= Work to complete =
Images are to be left out when the records below are printed word for word.

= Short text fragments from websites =
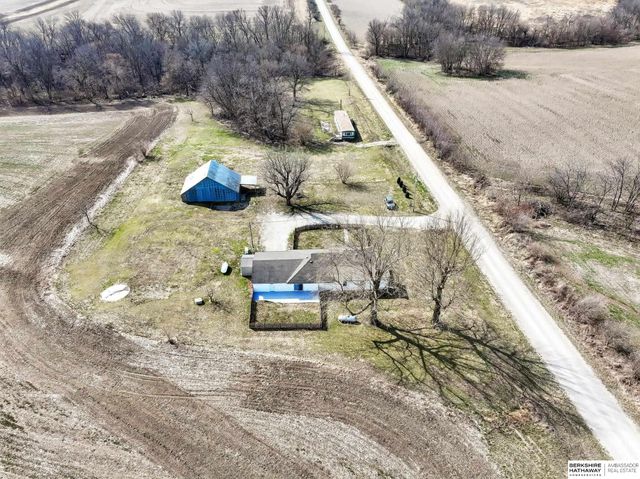 72030 649 Avenue, Shubert, NE 68437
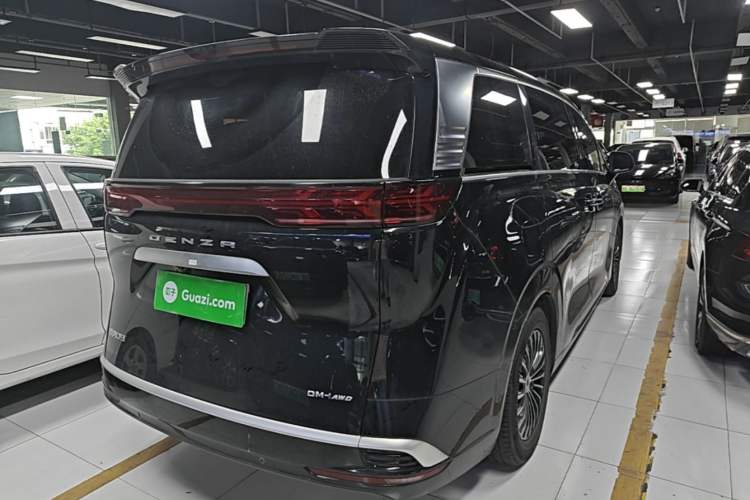 Used Denza D9 2024 DM-i 980 Four-Wheel Drive Flagship Model Rear Right 45 Deg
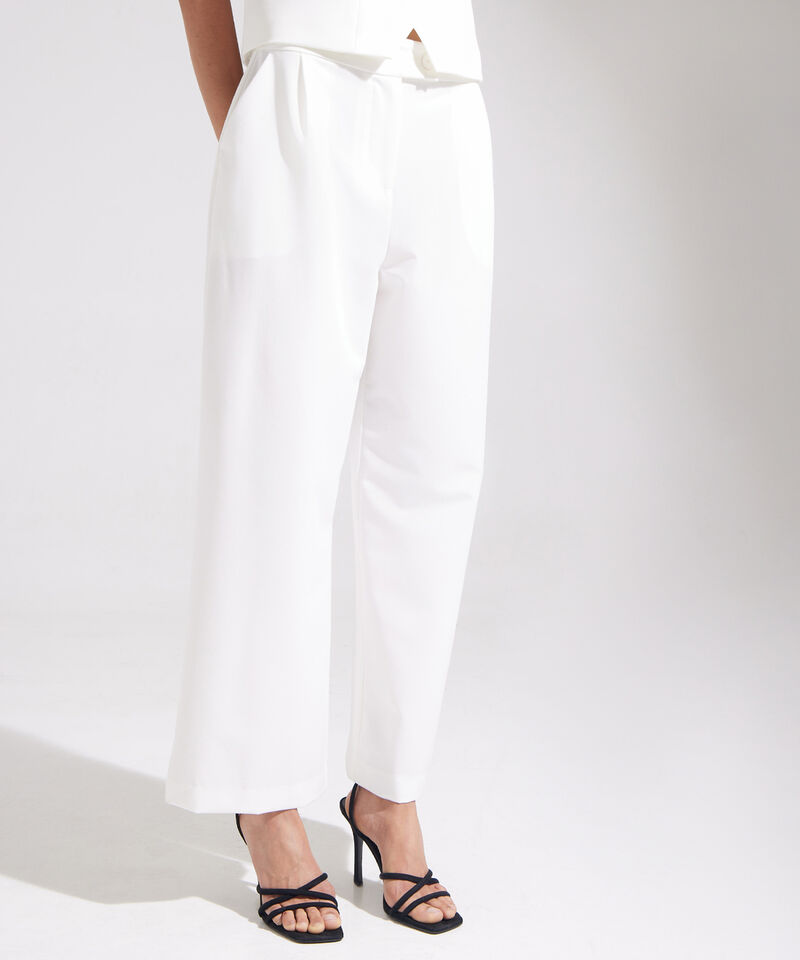 Pantalón Unicolor Con Prense En Frente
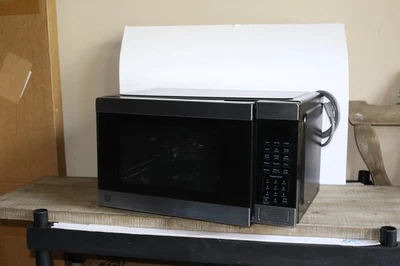 GE JES1109RRSS 4-in-1, 1,050 Watts Countertop Convection Microwave Oven with Air - Bild 1 von 4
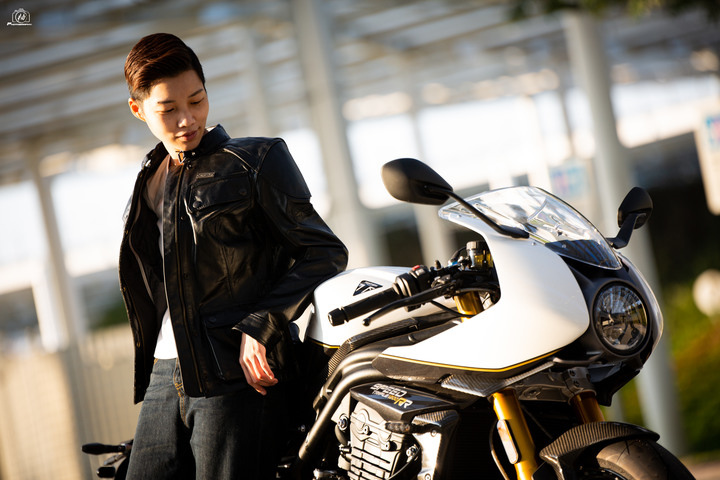 凱旋SPEED TRIPLE 1200 RR這麼帥怎麼沒人討論？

= Written answer =
 72030 649 Avenue, Shubert, NE 68437
 Used Denza D9 2024 DM-i 980 Four-Wheel Drive Flagship Model Rear Right 45 Deg
 Pantalón Unicolor Con Prense En Frente
 GE JES1109RRSS 4-in-1, 1,050 Watts Countertop Convection Microwave Oven with Air - Bild 1 von 4
 凱旋SPEED TRIPLE 1200 RR這麼帥怎麼沒人討論？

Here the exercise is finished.